→ Your goal
Type the entries out once more. Match them exactly.

=== Data for the task ===

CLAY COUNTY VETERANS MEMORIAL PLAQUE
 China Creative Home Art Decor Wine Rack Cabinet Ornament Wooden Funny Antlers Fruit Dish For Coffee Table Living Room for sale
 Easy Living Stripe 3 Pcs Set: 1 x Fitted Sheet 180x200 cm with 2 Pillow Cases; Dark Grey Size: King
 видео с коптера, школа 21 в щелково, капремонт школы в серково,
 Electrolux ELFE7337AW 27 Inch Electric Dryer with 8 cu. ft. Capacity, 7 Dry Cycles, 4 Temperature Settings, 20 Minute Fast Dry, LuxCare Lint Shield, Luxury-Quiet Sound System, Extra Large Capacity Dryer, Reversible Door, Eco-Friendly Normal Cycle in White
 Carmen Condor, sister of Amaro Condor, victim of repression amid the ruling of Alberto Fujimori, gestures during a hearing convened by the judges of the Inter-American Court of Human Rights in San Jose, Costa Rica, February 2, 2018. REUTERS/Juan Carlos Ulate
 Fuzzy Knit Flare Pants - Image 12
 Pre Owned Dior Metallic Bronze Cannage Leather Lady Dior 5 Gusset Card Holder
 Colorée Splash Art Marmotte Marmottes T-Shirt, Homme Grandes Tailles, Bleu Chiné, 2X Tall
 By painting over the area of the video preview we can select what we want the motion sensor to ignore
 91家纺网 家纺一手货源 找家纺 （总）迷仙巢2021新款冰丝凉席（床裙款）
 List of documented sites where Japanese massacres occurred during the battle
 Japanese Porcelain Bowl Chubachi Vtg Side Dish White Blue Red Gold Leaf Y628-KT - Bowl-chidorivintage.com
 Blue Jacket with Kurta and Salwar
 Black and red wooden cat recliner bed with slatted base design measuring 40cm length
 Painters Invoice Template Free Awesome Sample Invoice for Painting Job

===

→ Task output
CLAY COUNTY VETERANS MEMORIAL PLAQUE
 China Creative Home Art Decor Wine Rack Cabinet Ornament Wooden Funny Antlers Fruit Dish For Coffee Table Living Room for sale
 Easy Living Stripe 3 Pcs Set: 1 x Fitted Sheet 180x200 cm with 2 Pillow Cases; Dark Grey Size: King
 видео с коптера, школа 21 в щелково, капремонт школы в серково,
 Electrolux ELFE7337AW 27 Inch Electric Dryer with 8 cu. ft. Capacity, 7 Dry Cycles, 4 Temperature Settings, 20 Minute Fast Dry, LuxCare Lint Shield, Luxury-Quiet Sound System, Extra Large Capacity Dryer, Reversible Door, Eco-Friendly Normal Cycle in White
 Carmen Condor, sister of Amaro Condor, victim of repression amid the ruling of Alberto Fujimori, gestures during a hearing convened by the judges of the Inter-American Court of Human Rights in San Jose, Costa Rica, February 2, 2018. REUTERS/Juan Carlos Ulate
 Fuzzy Knit Flare Pants - Image 12
 Pre Owned Dior Metallic Bronze Cannage Leather Lady Dior 5 Gusset Card Holder
 Colorée Splash Art Marmotte Marmottes T-Shirt, Homme Grandes Tailles, Bleu Chiné, 2X Tall
 By painting over the area of the video preview we can select what we want the motion sensor to ignore
 91家纺网 家纺一手货源 找家纺 （总）迷仙巢2021新款冰丝凉席（床裙款）
 List of documented sites where Japanese massacres occurred during the battle
 Japanese Porcelain Bowl Chubachi Vtg Side Dish White Blue Red Gold Leaf Y628-KT - Bowl-chidorivintage.com
 Blue Jacket with Kurta and Salwar
 Black and red wooden cat recliner bed with slatted base design measuring 40cm length
 Painters Invoice Template Free Awesome Sample Invoice for Painting Job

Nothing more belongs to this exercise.